I get a lot of emails from people asking if I have any tips on getting into professional journalism, and Tom’s chutzpah has nudged me into writing this post. The following will by no means guarantee entry into a profession that is currently firing a lot more than it is hiring, but hopefully it helps someone.
1) Start a blog
One of the wonders of the Internet age is that anyone can be their own publisher. Start a blog and specialise. Don’t just write about whatever comes into your mind, as this will spread you too thin…pick an area and focus on it. Perhaps that will be travel. Perhaps football, or education, or political satire. Write topical posts in response to issues of the day…best of all, write ripostes to articles in the publications that you admire. Be controversial if necessary. Use pictures and embed YouTube videos… often a passerby will judge your blog in seconds, purely on how it looks.

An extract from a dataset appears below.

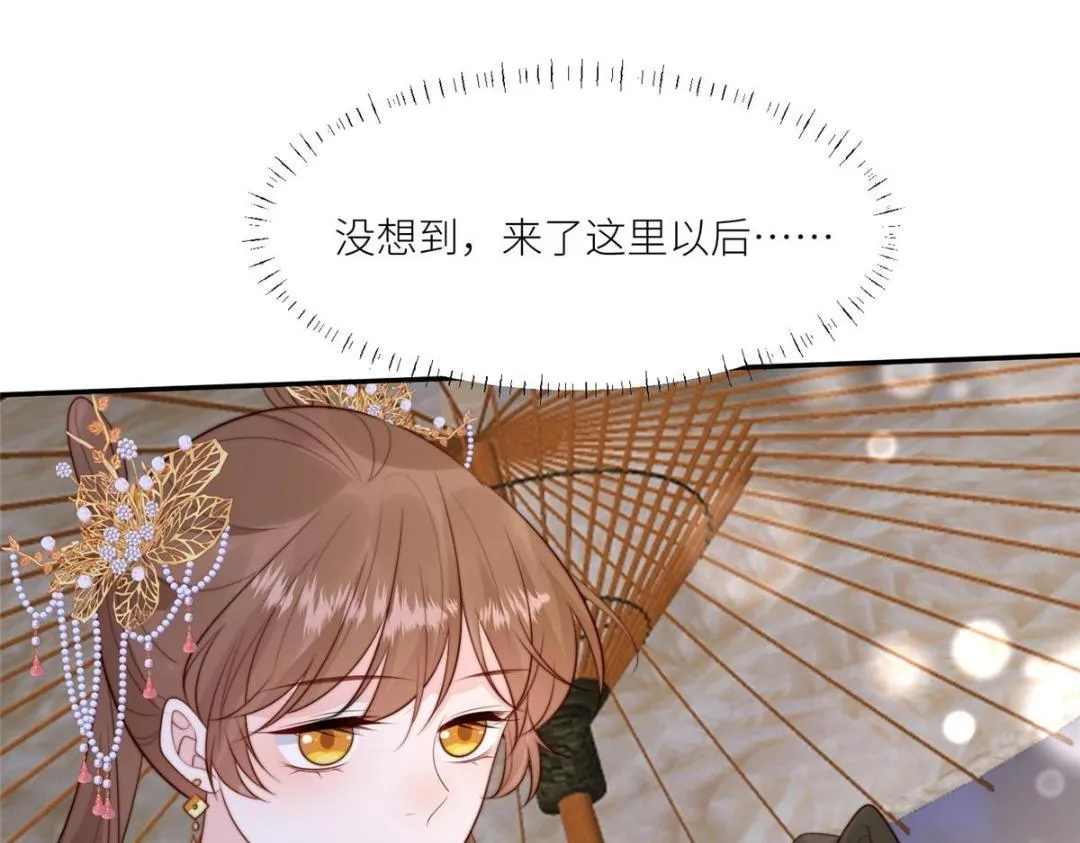 62 回家 第13页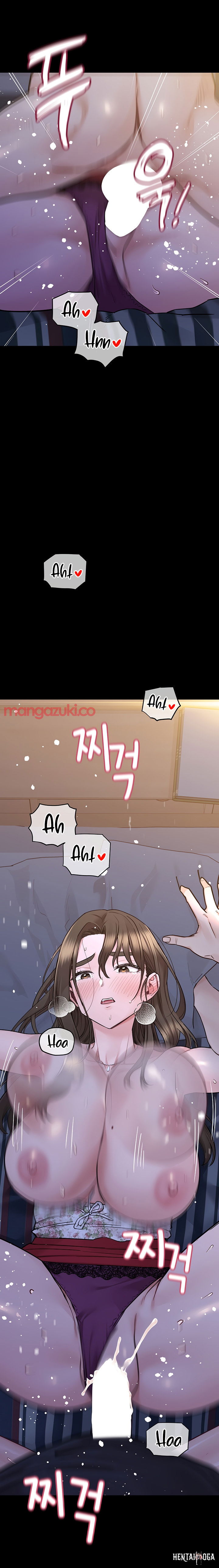 Keep it a secret from your mother! Keep it a secret from your mother! Chapter 80 - Page 13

2) Network and flog yourself
Once you have your blog, make a huge list of blogs that you admire, and that fall into the same genre as yours. Add them to your blogroll and email them informing them that you have done so. Perhaps they will replicate. Leave comments on their posts, making sure you leave your blog url as part of your commenter identity. Respond to their posts with posts of your own. Sign up to Twitter and tweet your posts at journalists and bloggers in your sphere. Eventually one of them might retweet it.
3) Collate contacts
Once you have something to show for yourself, start making a list of editors and deputy editors in the sphere you have chosen. You can usually find these people on Google or Twitter, but if you can’t just call. Find the switchboard number of the publication you are looking for and ring them up, asking “Who is the current editor/deputy editor of the XX section?”. Perhaps they will even give you their email address.

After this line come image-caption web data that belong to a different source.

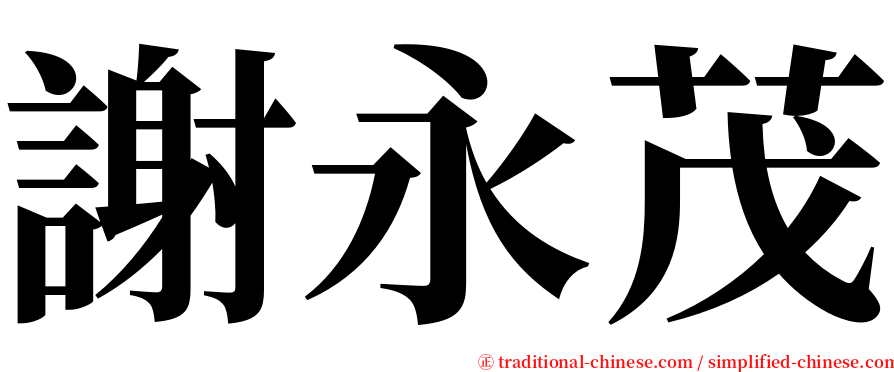 謝永茂 serif font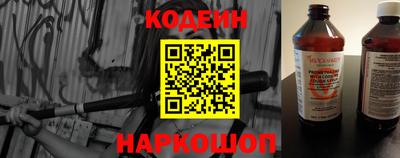 эйфоретик Чебаркуль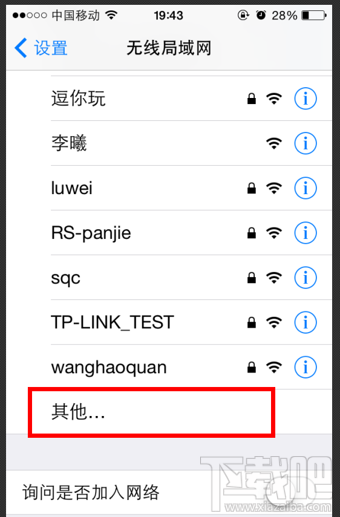360wifi锁屏断开怎么办 360wifi锁屏断网怎么办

4) Work out the email addresses
If you can’t get the email addresses as suggested above, all is not lost. Every publishing house in the world has a formulaic email system. Somewhere on their website you will find at least one personal email address. For example, if you find an address that is FIRSTNAME.LASTNAME@PUBLICATION.COM, you can bet that the address of the person you are hunting for will be the same. Once you have a list of 20 editors and deputy editors (never forget the deputies – they often act as the first screening line for pitches before the editor even has a look) you are ready to send your first email.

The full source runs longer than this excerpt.